_DATASET RECORDS_.
+---+
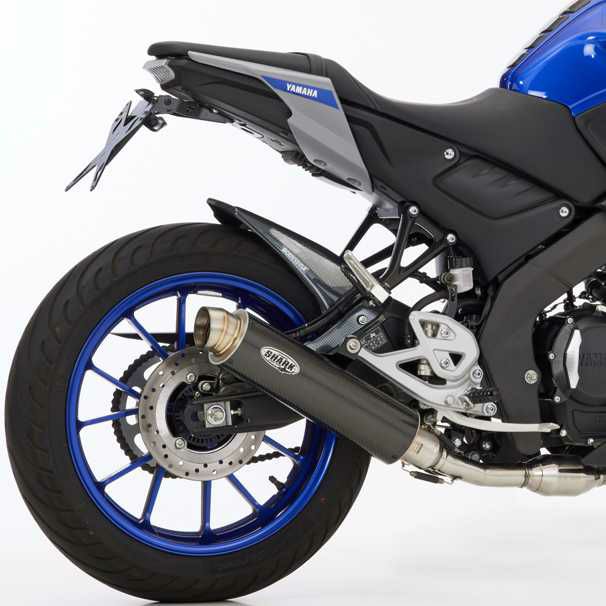 SHARK フルエキゾースト SRC 4 カーボン YAMAHA MT-125 / XSR125 / YZF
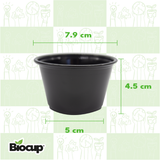 Biocup Caja Vasos Soufflé 4 oz con tapa – 2000 Piezas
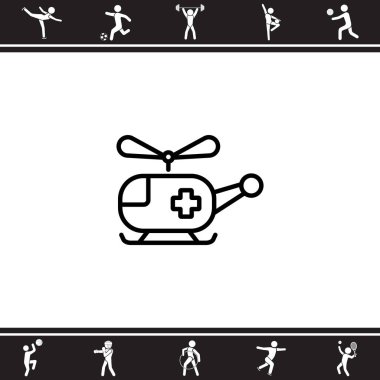 Helikopter ambulans simgesi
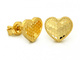 Złote kolczyki serca diamentowane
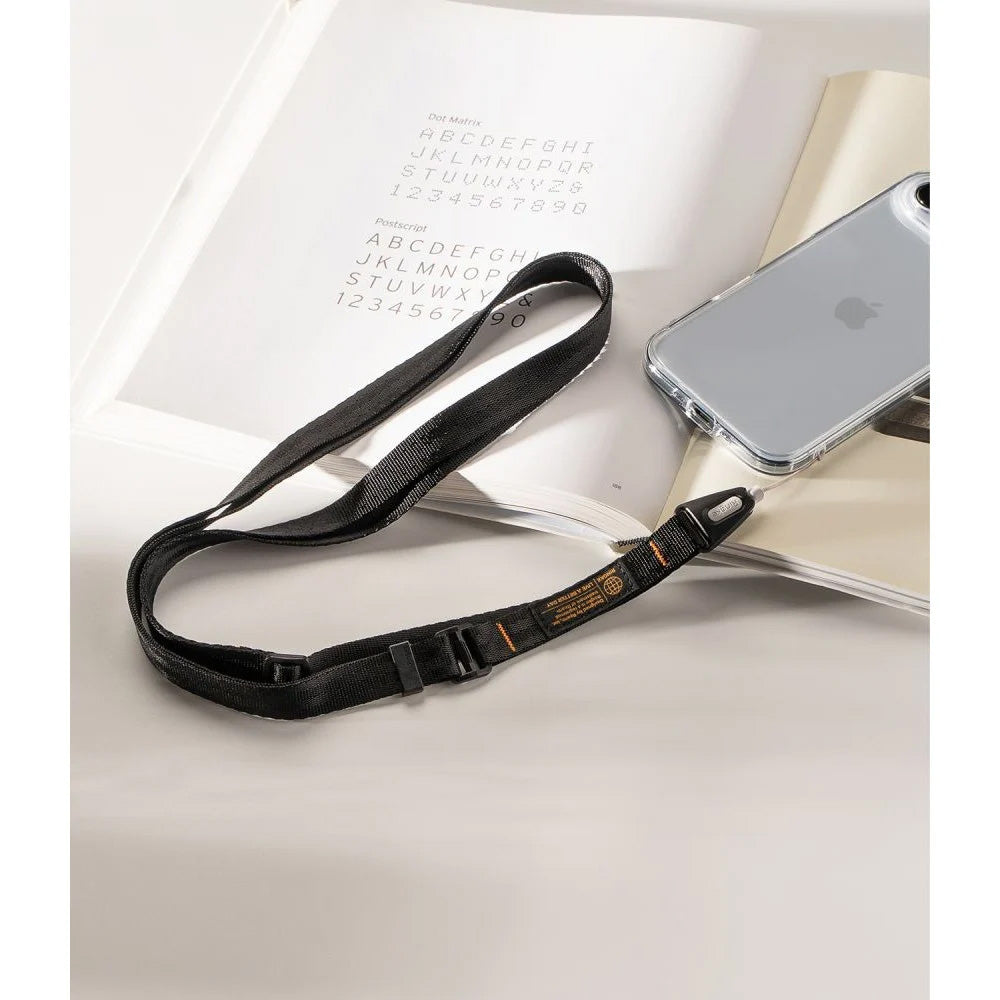 Handy-Schlüsselband für Telefon Ringke Lanyard Strap Crossbody, Schwarz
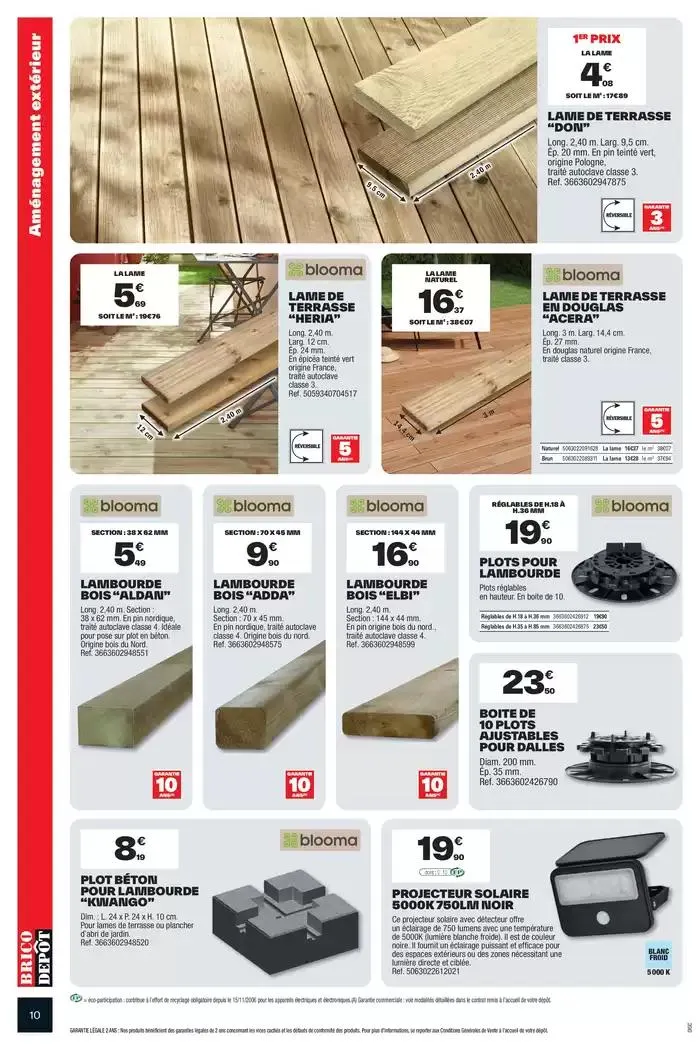 Spécial chantier extérieur ! du 4 avril au 24 avril 2025 - Catalogue page 10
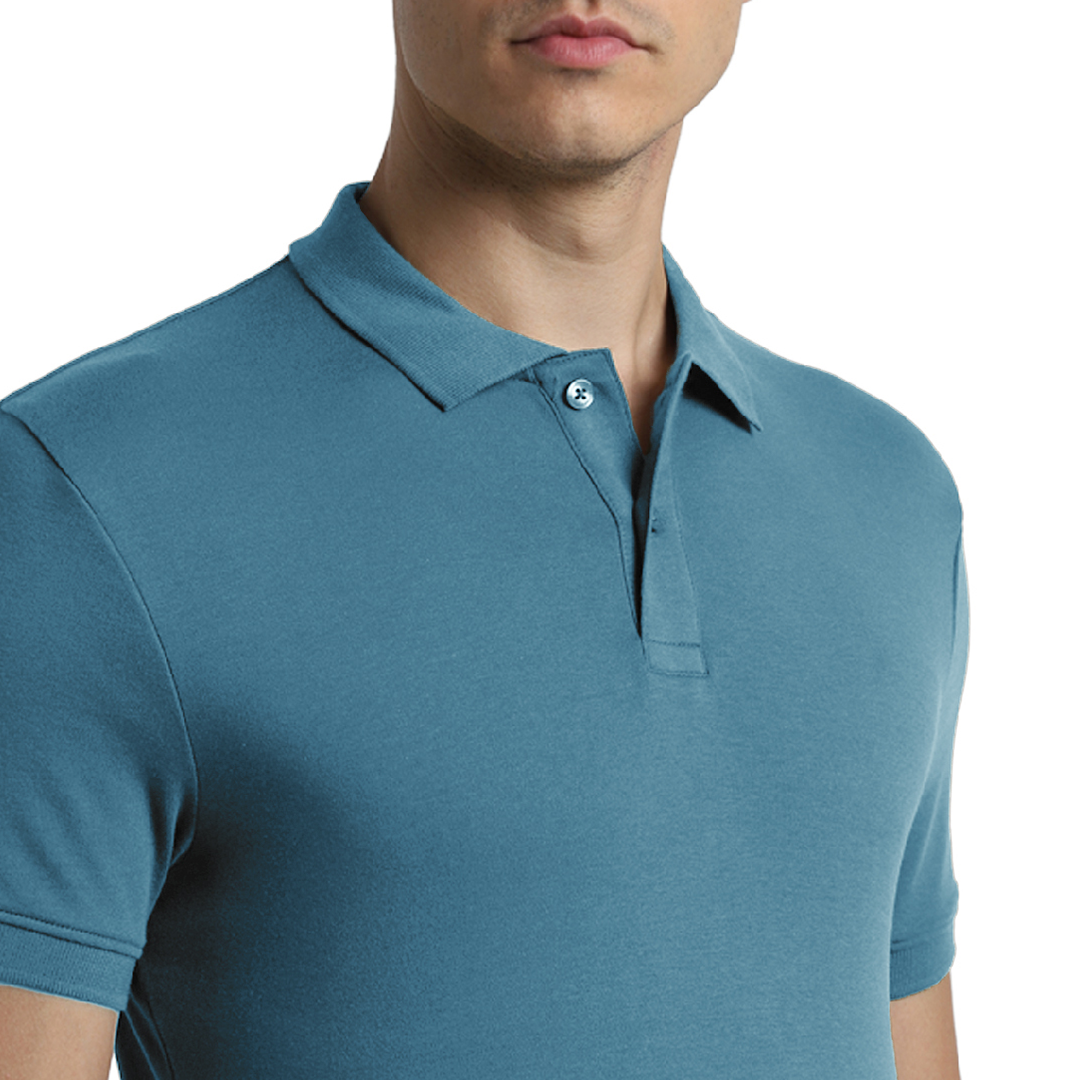 Jack&Jones - Interlock Polo - Teal Blue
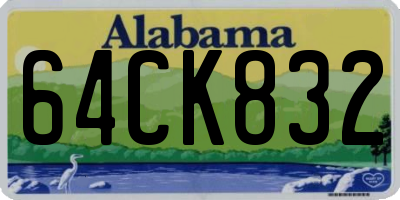 AL license plate 64CK832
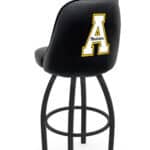 Appalachian State University 30-Inch Swivel Bar Stool w/ Black Wrinkle Finish, Padded Back, 4-Inch Cushion Seat 4 Appalachian State University 30-Inch Swivel Bar Stool w/ Black Wrinkle Finish, Padded Back, 4-Inch Cushion Seat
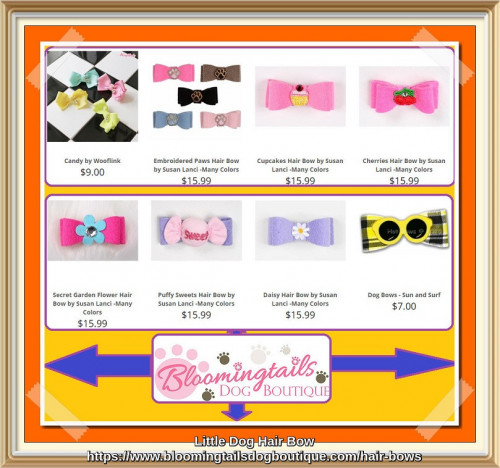 We have a wide range of dog hair bow of top brands like Wooflink, Susan Lanci and many more. https://bit.ly/3YFGIkU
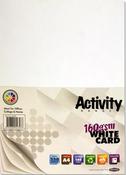 PREMIER ACTIVITY RANGE A4 160gsm CARD 250 Sheets, White image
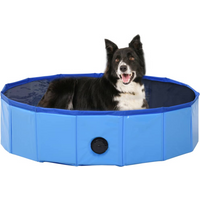 vidaXL Foldable Dog Swimming Pool Blue 80x20 cm PVC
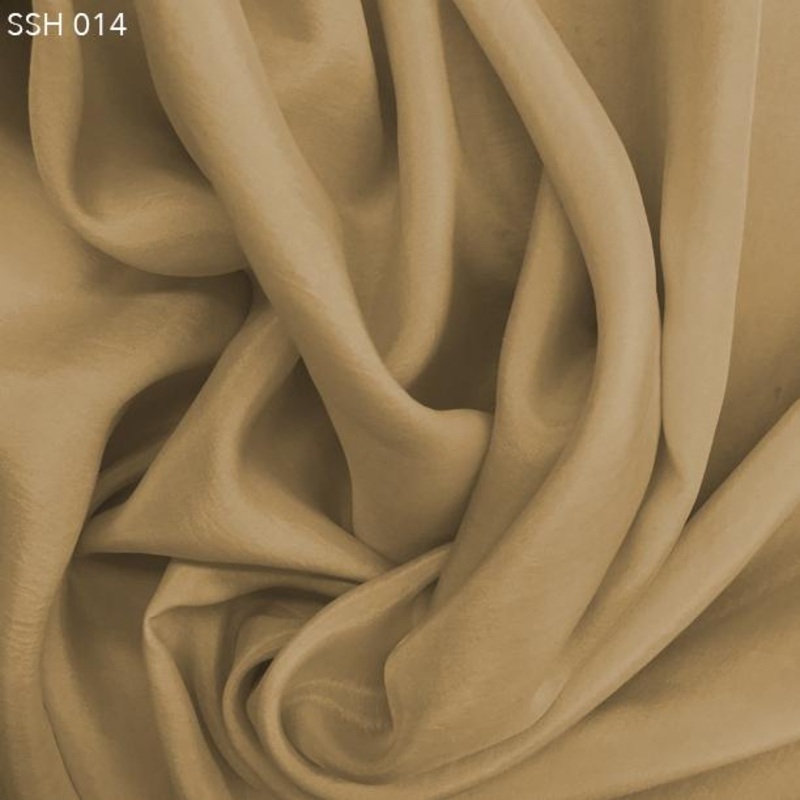 Silk Habotai (China Silk) - Biscotti Brown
+---+
_WHAT IS EXPECTED_. The answer should consist only of the lines from the line with "vidaXL Foldable Dog" through the last line of the data, repeated exactly; pictures stay out.

_REPLY TO THE EXERCISE_.
 vidaXL Foldable Dog Swimming Pool Blue 80x20 cm PVC
 Silk Habotai (China Silk) - Biscotti Brown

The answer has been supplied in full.